R564.1 Third Party Review of PRAISE-CANDU Probabilistic Fracture Mechanics Code

1.0 	Background

The CANDU industry has asserted that small safety margins associated with the analysis of A Large Break Loss of Coolant Accident (LBLOCA) as a Design Basis Accident (DBA) can be attributed to conservatism in the Traditional Safety Analysis (TSA) evaluation procedure. Industry has presented its case that the expected frequency of large pipe breaks is much lower than the assumed frequency attributed to DBAs. To support its position, industry undertook a COG project to develop a Composite Analytical Approach (CAA) to characterize, demonstrate and reduce conservatism in TSA for LBLOCA scenarios. The CAA is currently under review by CNSC staff.

One element of the CAA involved the development of a Probabilistic Fracture Mechanics (PFM) code, PRAISE-CANDU, to generate estimates of the frequency of primary system pipe failures which would lead to LOCAs. One of the intended functions of this code is to provide estimates of failure frequencies for piping of different sizes to identify which failures are expected to occur at frequencies lower than 1x10-5, which would support their reclassification to Beyond Design Basis Accidents (BDBAs). In theory a double-ended paper cutter failure of large diameter piping, which would stress safety systems and challenge post-accident fuel cooling, is far less probable than the failure of small diameter piping.
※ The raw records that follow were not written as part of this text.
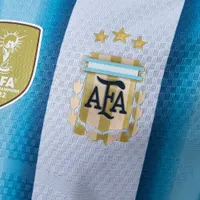Camisa Argentina I Jogador 2026/27, foto 2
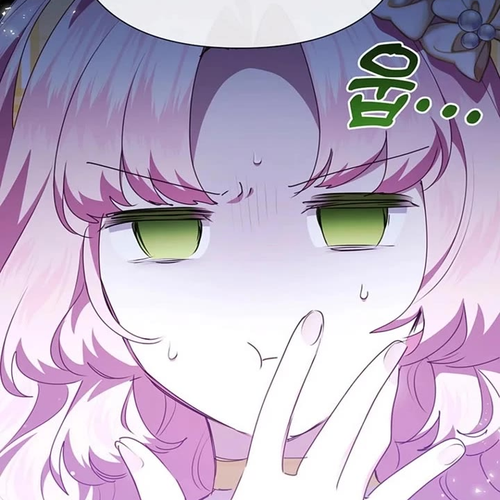 A Strange but Effective Villainess Life Chapter 54 cover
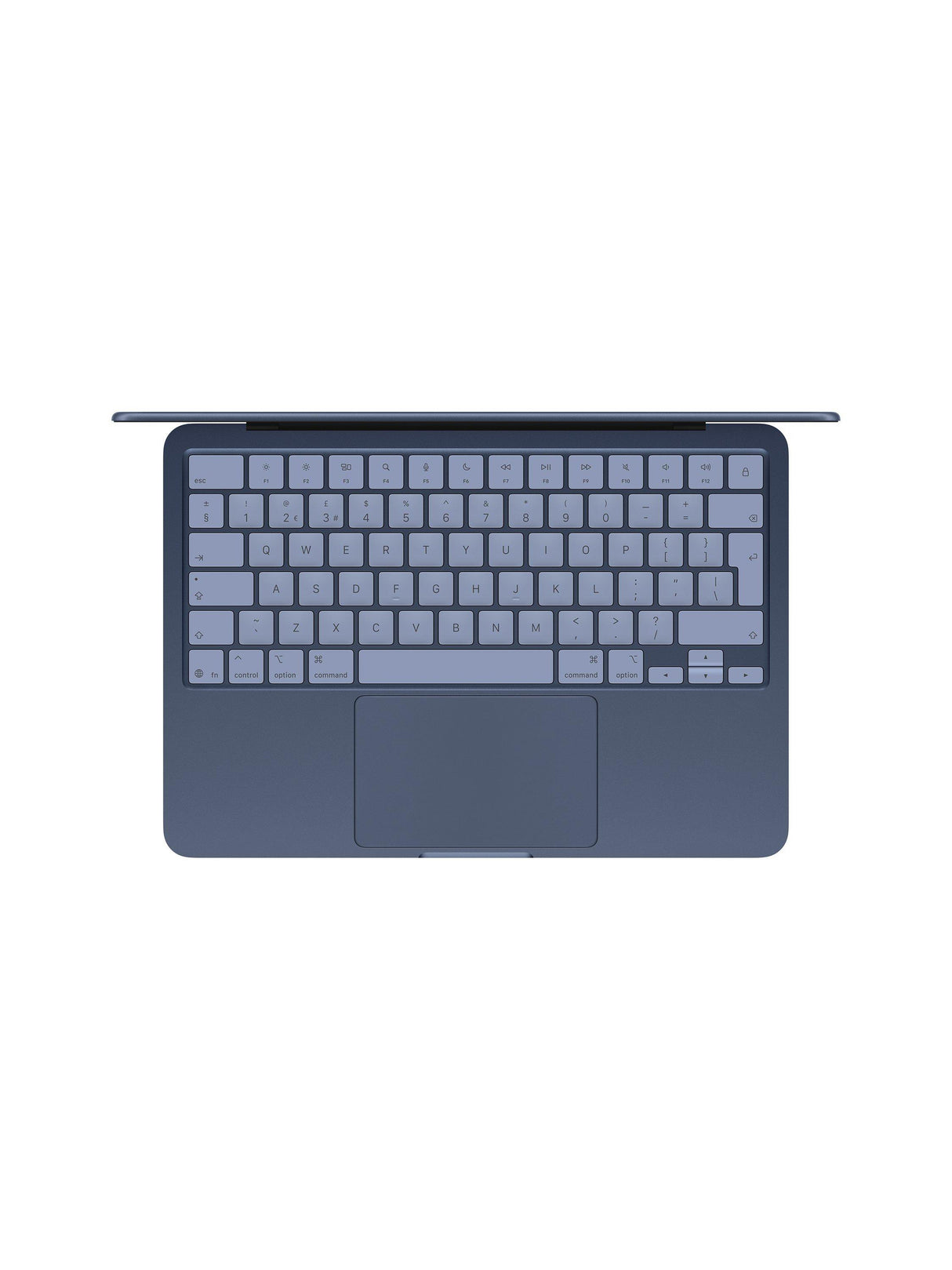 APPLE MacBook Neo MHFF4B/A (2026) 13" A18 Pro - 8GBRAM - 256GB SSD - Indigo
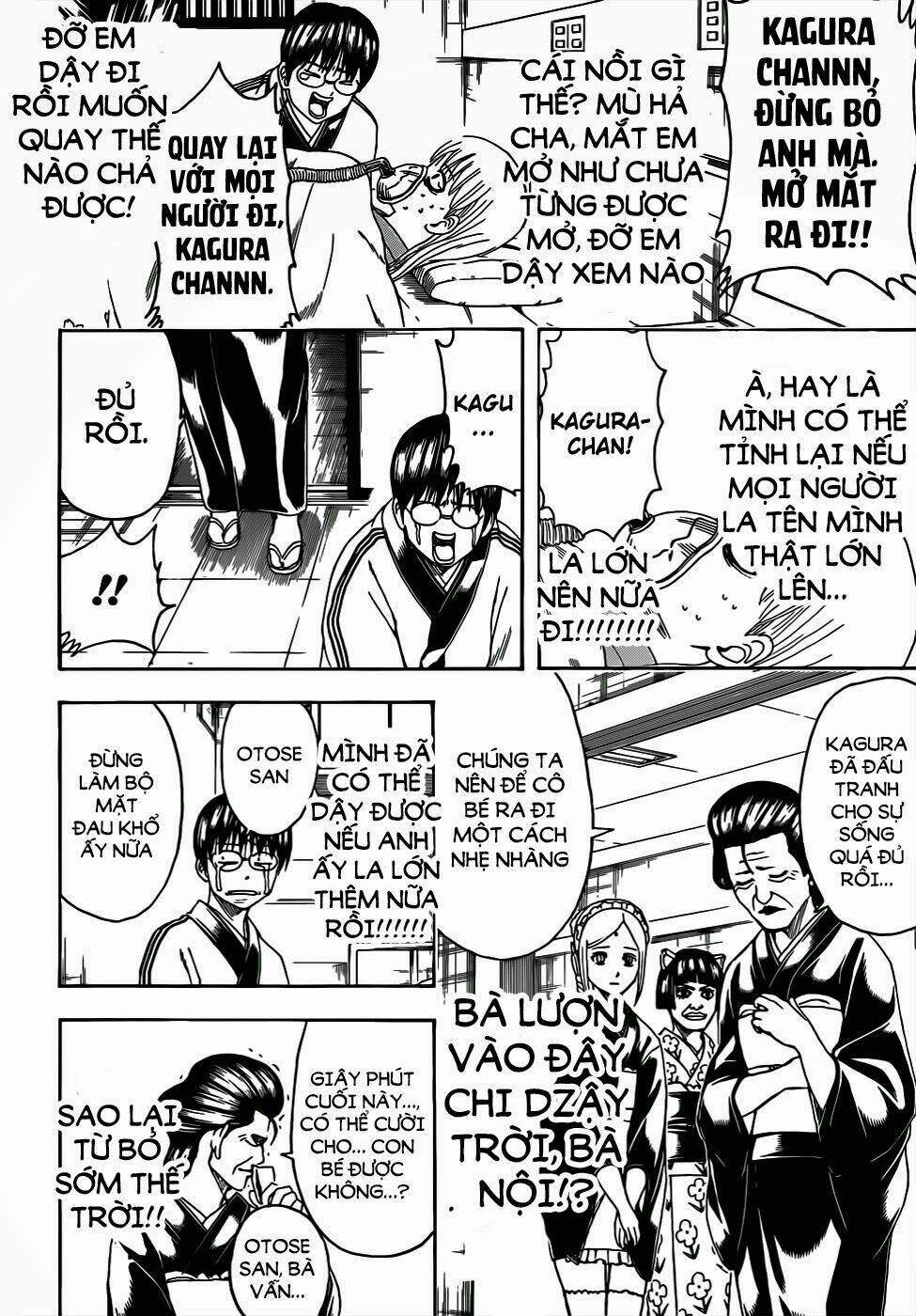 gintama - linh hồn bạc chapter 458 6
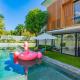 Sailing Pool Villas & Resort Phu Quoc, Phu Quoc - Fotografie 5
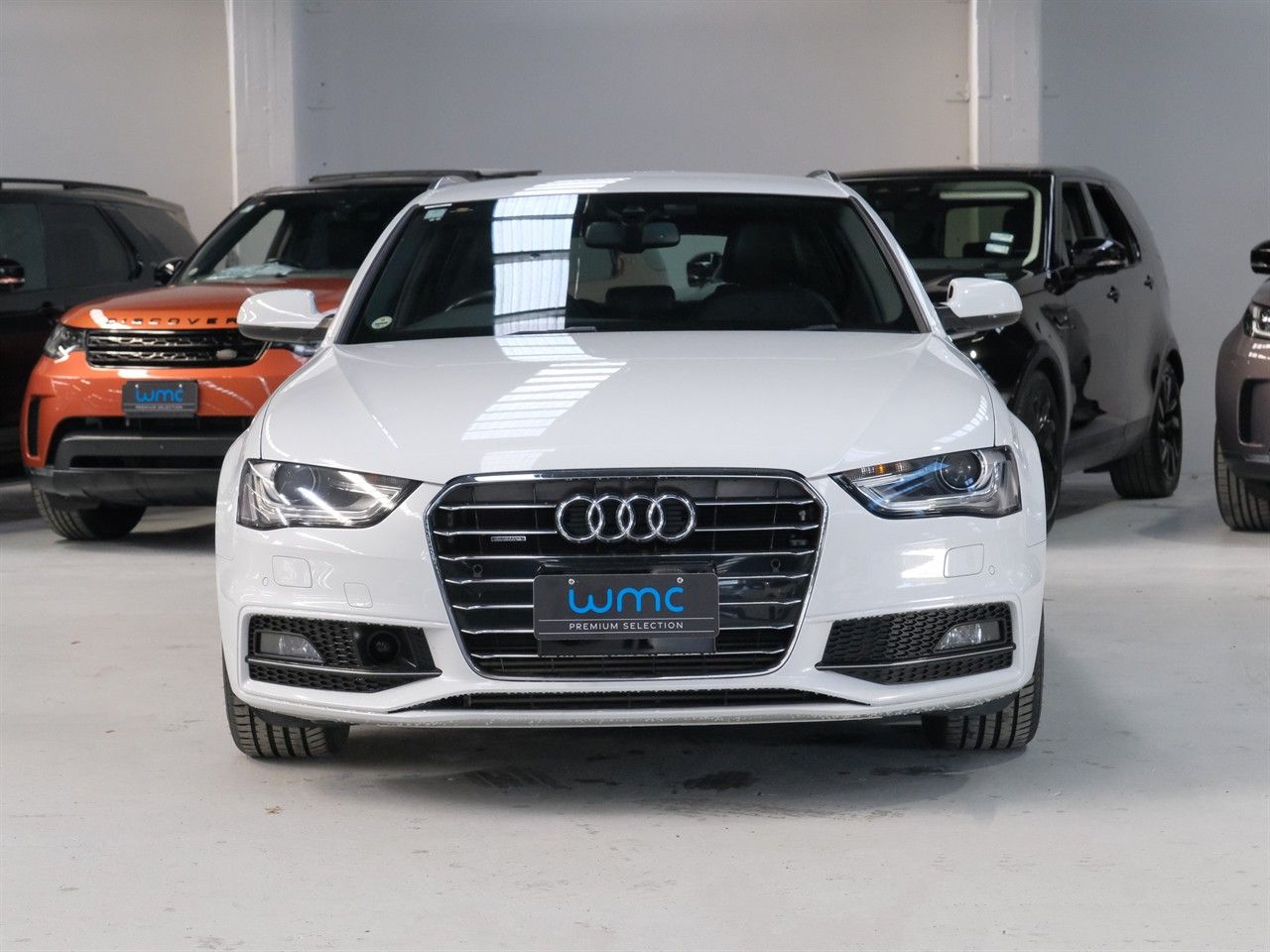 Vehicle image 3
The concept of PFM is not new, but its application to nuclear piping systems has been approached with caution. The level of uncertainty associated with modelling parameters, lack of documentation, Quality Assurance control during software development and the variability in results achieved from different PFM codes have resulted in limited acceptance of PFM codes for regulatory decision making. There is an inherent difficulty in acceptance of PFM code given the complexity of some of the piping degradation mechanisms which may lead to a LOCA and the fact that no operational data exists for these low frequency events, thereby, making validation of code results difficult. No regulatory jurisdiction has ever accepted a PFM assessment result in isolation to justify regulatory decision making. There have only been limited examples of the adoption of PFM insights into Risk Informed Decision Making (RIDM) applications.

2.0	Objectives

To obtain an independent third-party evaluation of the PRAISE-CANDU Probabilistic Fracture Mechanics code development process carried out for the Composite Analytical Approach to address Large Break Loss of Coolant Accident safety margins.

3.0	Scope of Work

The successful contractor will carry out a technical evaluation of the CANDU Owner’s Group (COG) Reports prepared during the development of PRAISE-CANDU to provide an independent evaluation of:

•	The suitability of the PFM code degradation models to assess pipe failure frequencies due to plausible CANDU specific degradation mechanisms.
•	A comparison of the PRAISE-CANDU validation and verification (V&V) and benchmarking activities to public domain information describing V&V and benchmarking of other PFM codes, for example (but not necessarily limited to) PRO-LOCA, PASCAL, NURBIT, ProSACC, PRODIGAL and PROST. 
•	The extent to which PFM codes have been accepted in regulatory decision making in the United States, Europe and Japan.

 
The contractor shall address the following elements of PRAISE-CANDU in the project deliverables:

•	Limitations of the probabilistic simulation techniques 
•	Limitations of the uncertainty analysis techniques


4.0	Tasks to be Performed

4.1	Prepare a report, based upon a literature review, which documents the current level of acceptance of PFM codes in nuclear regulatory decision making in the United States, Europe and Japan.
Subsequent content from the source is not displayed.